The mouth of Hezbollah chief Hassan Nasrallah hath spoken—and nothing useful came out

By David Daoud

The much-anticipated speech of Hezbollah’s talkative Secretary-General Hassan Nasrallah came and went on November 3. For all the hype drummed up by Hezbollah’s propaganda organs in the lead up to Nasrallah’s first address since the onset of the Gaza-Israel war on October 7, the speech turned out to be much ado about nothing; it was filled with the terror chieftain’s worn clichés, predictable threats, and tired rhetoric.

Careful observers of Hezbollah—particularly the terrorist group’s behavior since the onset of Lebanon’s economic collapse—will note that much of the content was entirely predictable. However, that predictability reveals much about Hezbollah’s current state and its constraints. It allows us—to the degree possible without powers of clairvoyance—to anticipate the group’s moves as the conflict between Israel and the coterie of Gaza-based terror organizations (operating as the Joint Operations Room of the Palestinian Resistance Factions) unfolds.
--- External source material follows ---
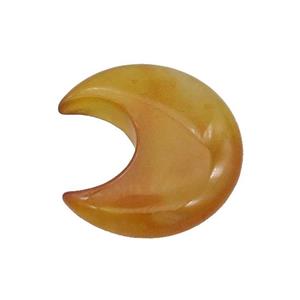 Red Carnelian Agate Moon Pendant Undrilled Dye, approx 28-30mm [GM19662]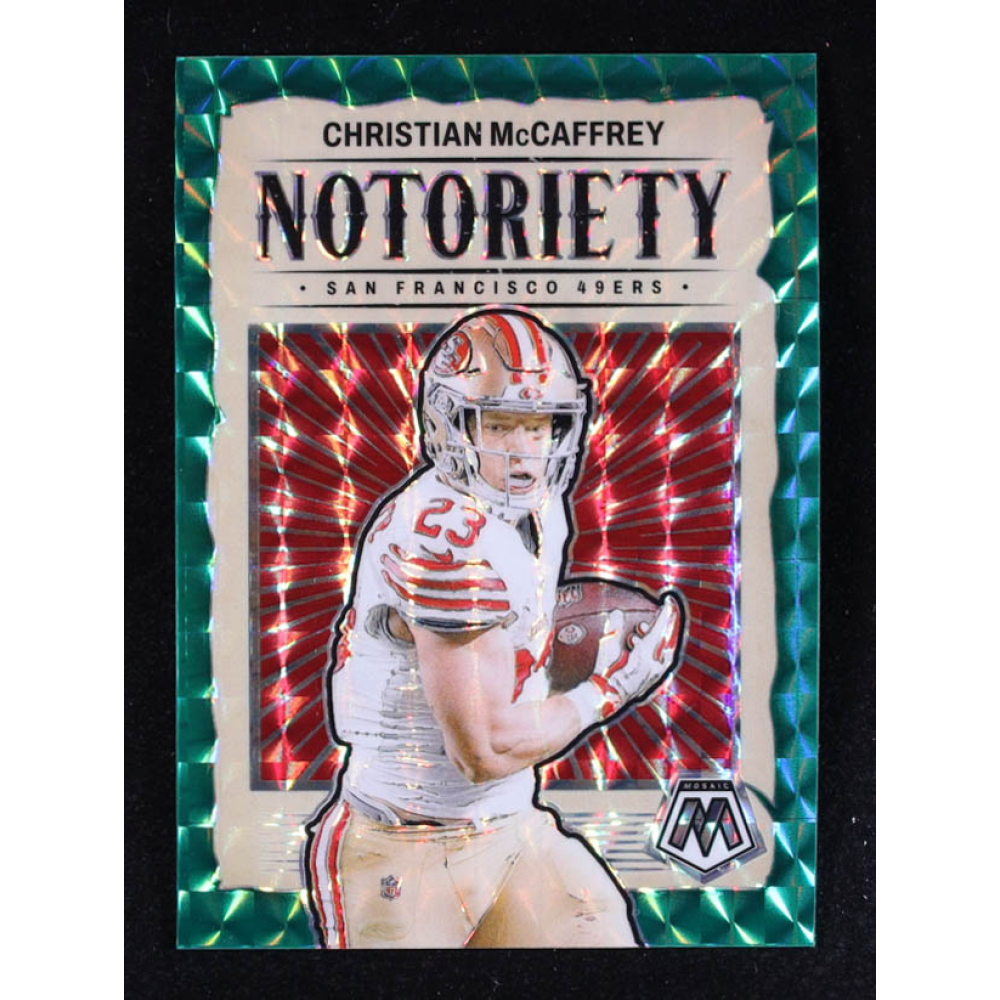 Christian McCaffrey 2024 Panini Mosaic Notoriety Mosaic Green #9 at PristineAuction.com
Nasrallah’s speech lasted one hour and twenty minutes—equally typical in format and content. He framed the Al-Aqsa Flood operation as defensive and claimed that the brutal rampage against southern Israel’s residents was a natural consequence of Israeli policies, such as the continued detention of entirely innocent Palestinian prisoners—or one would think, listening to Nasrallah—in Israeli jails; recent threats against Al-Aqsa Mosque that were “unprecedented since Jerusalem was occupied in 1967”; the Israeli blockade on Gaza nearing its twentieth anniversary; and the current Israeli government’s vociferous expansion of settlements in the West Bank.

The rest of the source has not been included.